C’était un numéro extraordinaire. Harpirias lui-même se sentit quelque peu perturbé par la terrible intensité des cris retentissants de Korinaam et par cette succession de métamorphoses apparemment sans fin. On eût presque dit que les incantations étaient authentiques, que le Changeforme mettait en œuvre de véritables pratiques de magie Piurivar, dans l’air glacé des sommets.

Quant aux Eililylal, de leur côté du ravin, ils étaient comme hypnotisés. Peut-être croyaient-ils que Korinaam avait perdu la raison, peut-être prenaient-ils ses incantations au sérieux… Comment le savoir ? Ils restaient pétrifiés, incapables de le quitter des yeux.

Mais Harpirias savait que le spectacle ne pourrait pas durer beaucoup plus longtemps.
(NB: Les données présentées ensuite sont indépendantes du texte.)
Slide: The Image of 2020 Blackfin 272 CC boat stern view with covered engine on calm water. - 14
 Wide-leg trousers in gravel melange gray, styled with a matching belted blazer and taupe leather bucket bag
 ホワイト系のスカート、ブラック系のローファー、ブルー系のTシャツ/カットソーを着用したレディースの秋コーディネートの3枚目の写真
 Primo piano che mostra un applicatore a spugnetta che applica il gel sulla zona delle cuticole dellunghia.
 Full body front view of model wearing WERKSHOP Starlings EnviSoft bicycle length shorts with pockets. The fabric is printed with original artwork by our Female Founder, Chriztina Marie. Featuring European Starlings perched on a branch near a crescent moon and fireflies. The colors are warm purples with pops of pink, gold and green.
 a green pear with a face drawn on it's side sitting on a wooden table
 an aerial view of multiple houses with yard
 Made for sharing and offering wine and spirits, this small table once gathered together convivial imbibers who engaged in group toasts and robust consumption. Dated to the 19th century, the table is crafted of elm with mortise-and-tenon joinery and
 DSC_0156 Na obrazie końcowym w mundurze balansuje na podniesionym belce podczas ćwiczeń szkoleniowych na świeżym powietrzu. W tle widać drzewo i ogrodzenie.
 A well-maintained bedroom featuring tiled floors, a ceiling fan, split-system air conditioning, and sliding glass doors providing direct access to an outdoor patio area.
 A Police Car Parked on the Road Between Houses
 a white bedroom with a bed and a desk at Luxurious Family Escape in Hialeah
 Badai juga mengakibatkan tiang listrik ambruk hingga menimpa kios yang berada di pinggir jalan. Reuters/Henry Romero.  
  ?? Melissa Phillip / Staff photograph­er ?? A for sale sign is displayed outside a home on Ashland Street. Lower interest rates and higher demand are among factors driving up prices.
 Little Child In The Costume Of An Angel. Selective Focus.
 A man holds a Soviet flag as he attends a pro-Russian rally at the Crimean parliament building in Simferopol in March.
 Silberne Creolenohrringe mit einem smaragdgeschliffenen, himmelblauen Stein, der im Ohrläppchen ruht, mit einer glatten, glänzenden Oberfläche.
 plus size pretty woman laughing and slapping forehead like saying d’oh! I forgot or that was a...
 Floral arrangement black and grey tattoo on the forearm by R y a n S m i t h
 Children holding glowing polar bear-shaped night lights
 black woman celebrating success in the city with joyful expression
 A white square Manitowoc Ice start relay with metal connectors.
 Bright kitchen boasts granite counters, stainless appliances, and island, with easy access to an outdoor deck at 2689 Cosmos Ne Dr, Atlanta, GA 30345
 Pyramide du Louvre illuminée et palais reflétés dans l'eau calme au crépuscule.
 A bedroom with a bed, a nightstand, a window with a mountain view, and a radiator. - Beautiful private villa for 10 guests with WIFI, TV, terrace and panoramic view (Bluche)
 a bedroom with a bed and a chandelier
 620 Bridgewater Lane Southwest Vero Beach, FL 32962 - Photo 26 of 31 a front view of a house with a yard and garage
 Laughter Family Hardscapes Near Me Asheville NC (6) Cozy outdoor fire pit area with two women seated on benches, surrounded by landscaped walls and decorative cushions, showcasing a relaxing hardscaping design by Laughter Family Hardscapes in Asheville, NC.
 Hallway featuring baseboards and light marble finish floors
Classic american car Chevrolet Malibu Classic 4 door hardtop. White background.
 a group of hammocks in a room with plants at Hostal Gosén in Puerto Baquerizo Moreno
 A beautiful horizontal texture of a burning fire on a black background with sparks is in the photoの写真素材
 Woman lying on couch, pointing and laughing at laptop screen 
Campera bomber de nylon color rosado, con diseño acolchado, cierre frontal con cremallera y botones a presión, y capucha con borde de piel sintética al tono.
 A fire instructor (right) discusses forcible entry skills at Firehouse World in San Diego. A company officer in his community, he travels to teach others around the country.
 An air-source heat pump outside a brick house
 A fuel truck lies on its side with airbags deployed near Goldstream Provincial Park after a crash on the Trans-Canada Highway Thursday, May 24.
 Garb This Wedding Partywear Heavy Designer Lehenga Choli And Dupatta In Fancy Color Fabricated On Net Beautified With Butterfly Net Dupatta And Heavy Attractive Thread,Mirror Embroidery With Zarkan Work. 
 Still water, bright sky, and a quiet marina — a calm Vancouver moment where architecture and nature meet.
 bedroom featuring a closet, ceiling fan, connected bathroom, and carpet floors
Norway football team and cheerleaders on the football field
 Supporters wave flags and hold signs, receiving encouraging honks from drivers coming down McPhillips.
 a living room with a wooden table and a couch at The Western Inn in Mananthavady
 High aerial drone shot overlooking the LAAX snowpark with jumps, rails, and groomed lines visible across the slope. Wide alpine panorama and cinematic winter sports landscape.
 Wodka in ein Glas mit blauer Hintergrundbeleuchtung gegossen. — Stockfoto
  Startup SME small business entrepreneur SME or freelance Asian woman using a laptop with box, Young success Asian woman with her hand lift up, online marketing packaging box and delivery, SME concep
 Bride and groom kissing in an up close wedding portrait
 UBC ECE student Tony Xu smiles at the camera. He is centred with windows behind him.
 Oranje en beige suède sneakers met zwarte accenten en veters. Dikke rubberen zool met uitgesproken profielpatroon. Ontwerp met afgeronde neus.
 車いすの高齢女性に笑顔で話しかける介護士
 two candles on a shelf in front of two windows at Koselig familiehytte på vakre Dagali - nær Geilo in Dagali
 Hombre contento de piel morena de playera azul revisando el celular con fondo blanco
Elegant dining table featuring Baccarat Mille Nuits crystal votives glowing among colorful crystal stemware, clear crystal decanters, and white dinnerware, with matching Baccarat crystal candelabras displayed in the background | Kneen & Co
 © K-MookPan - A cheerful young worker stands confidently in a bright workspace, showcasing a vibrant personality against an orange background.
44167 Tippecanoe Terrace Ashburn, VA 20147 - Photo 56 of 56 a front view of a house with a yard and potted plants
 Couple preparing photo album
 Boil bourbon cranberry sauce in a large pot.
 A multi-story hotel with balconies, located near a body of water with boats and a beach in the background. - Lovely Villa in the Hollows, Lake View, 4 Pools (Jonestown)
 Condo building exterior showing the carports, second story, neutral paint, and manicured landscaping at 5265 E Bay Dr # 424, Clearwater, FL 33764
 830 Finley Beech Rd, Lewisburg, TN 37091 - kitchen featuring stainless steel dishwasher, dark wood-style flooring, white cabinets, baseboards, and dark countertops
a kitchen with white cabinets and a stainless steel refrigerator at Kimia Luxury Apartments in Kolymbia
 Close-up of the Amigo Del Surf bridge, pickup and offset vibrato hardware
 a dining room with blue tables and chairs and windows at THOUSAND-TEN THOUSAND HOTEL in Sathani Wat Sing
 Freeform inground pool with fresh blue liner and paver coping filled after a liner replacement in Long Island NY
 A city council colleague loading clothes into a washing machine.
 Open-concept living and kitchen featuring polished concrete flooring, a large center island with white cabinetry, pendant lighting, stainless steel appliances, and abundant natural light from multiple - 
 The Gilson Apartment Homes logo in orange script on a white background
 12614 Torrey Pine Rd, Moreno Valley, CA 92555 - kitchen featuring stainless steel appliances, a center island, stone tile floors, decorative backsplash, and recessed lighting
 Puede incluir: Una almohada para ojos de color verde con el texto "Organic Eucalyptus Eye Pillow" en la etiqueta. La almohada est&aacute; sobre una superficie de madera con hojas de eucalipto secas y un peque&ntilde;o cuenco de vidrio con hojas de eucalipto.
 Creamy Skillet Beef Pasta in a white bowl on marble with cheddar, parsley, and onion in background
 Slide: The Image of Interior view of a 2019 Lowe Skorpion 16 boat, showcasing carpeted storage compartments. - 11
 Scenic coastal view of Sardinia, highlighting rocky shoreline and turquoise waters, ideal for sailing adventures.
Les capacités physiques d’un Piurivar ne devaient pas lui permettre de soutenir un tel rythme de transformations ; Korinaam ne pouvait pas non plus, si résistant que fût son corps grêle, continuer à bondir, à cabrioler et à hurler comme il le faisait, sans épuiser toutes ses forces.

Le moment était venu de passer à l’étape suivante. Harpirias fit signe à ses soldats de se préparer à ouvrir le feu. Ils épaulèrent leur arme et attendirent l’ordre de tirer.

— Très bien, dit Harpirias à Korinaam. Et maintenant, il faut terminer en beauté. Donnez tout ce que vous avez. Tout, Korinaam !

— Danipiur ! rugit le Métamorphe. Pontife ! Coronal ! Toikella ! Majipoor !

Son corps se mit à vibrer et à onduler, passa par toutes les couleurs du spectre, opéra une nouvelle série de transformations, prenant des formes animales, imitant le rocher ou la pierre, se présentant sous forme de pures figures géométriques, se muant en un enchevêtrement inextricable de tentacules et de pinces aux claquements menaçants, avant de conclure le tourbillon éblouissant de ses métamorphoses sous l’apparence du roi Toikella. Mais c’était un Toikella beaucoup plus grand que nature, un Toikella titanesque, un Toikella colossal de trois mètres cinquante de hauteur, semblable en tout point à l’original, hormis la taille. C’était une vision renversante. Le roi, qui, légèrement à l’écart, avait suivi le spectacle de bout en bout, écarquilla les yeux et poussa des grognements de stupéfaction. Harpirias surprit un éclair de peur dans sa prunelle dilatée.

— Feu ! s’écria-t-il.

Trois détonations, sèches et violentes, se répercutèrent dans l’air froid et raréfié des hauteurs, suivies de trois autres, puis d’une autre et encore d’une autre. Des éclairs pourpres d’énergie franchirent le ravin et frappèrent les rochers couronnés de glace, bien au-dessus de la corniche où se tenait le petit groupe des Eililylal. Des blocs de pierre ocre, de la taille de dragons de mer, se détachèrent de la paroi et dégringolèrent dans un fracas assourdissant. Ils éclatèrent avec violence en touchant la roche et projetèrent dans les profondeurs du ravin une pluie de fragments gros comme le poing. Une longue plainte sourde s’éleva des rangs des Eililylal.

— Encore, ordonna Harpirias. Visez un peu plus bas.

Une seconde salve traversa le ravin. Les éclairs pourpres fracassèrent la paroi rocheuse juste au-dessous des cicatrices laissées par la décharge précédente et découpèrent de grands blocs de pierre. Des plaques et des rochers dévalèrent bruyamment la pente en rebondissant. Harpirias sentit les vibrations dans la plante de ses pieds : c’était comme un tremblement de terre. Toute la chaîne de montagnes était agitée de secousses. Il crut que la planète allait se briser en mille morceaux.

— Suffit, dit-il. Cessez le feu.

Le bruit de la seconde chute de pierres décrut. Les derniers cailloux dévidèrent la pente, éveillant un faible écho dans leur chute, puis le silence revint. Un silence absolu : le terrible silence du matin de la création du monde. L’air vif et limpide charriait de petits nuages de poussière frangés d’or. De l’autre côté du ravin, les Eililylal restaient abasourdis, pétrifiés de terreur, immobiles comme des statues.